[Dataset records — start]

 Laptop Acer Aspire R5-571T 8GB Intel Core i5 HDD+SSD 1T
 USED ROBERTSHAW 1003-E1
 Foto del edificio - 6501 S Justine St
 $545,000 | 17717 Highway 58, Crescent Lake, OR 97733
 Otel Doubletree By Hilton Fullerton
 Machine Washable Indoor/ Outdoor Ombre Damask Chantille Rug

[Dataset records — finish]
[Dataset records — start]

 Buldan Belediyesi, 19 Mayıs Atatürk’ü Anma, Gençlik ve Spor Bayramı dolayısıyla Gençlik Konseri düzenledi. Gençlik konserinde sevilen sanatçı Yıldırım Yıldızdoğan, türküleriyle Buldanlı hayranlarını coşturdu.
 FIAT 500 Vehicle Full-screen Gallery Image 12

[Dataset records — finish]
[Dataset records — start]

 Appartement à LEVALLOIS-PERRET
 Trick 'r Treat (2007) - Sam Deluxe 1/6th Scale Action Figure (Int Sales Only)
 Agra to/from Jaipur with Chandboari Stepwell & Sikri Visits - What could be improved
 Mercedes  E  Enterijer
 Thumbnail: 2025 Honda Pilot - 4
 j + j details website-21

[Dataset records — finish]

Work instructions. In the listing above, find the line containing "Otel Doubletree By Hilton Fullerton" and the line containing "Machine Washable Indoor/", then quote both, plus every line between them, exactly as written.

Solution for this exercise.
 Otel Doubletree By Hilton Fullerton
 Machine Washable Indoor/ Outdoor Ombre Damask Chantille Rug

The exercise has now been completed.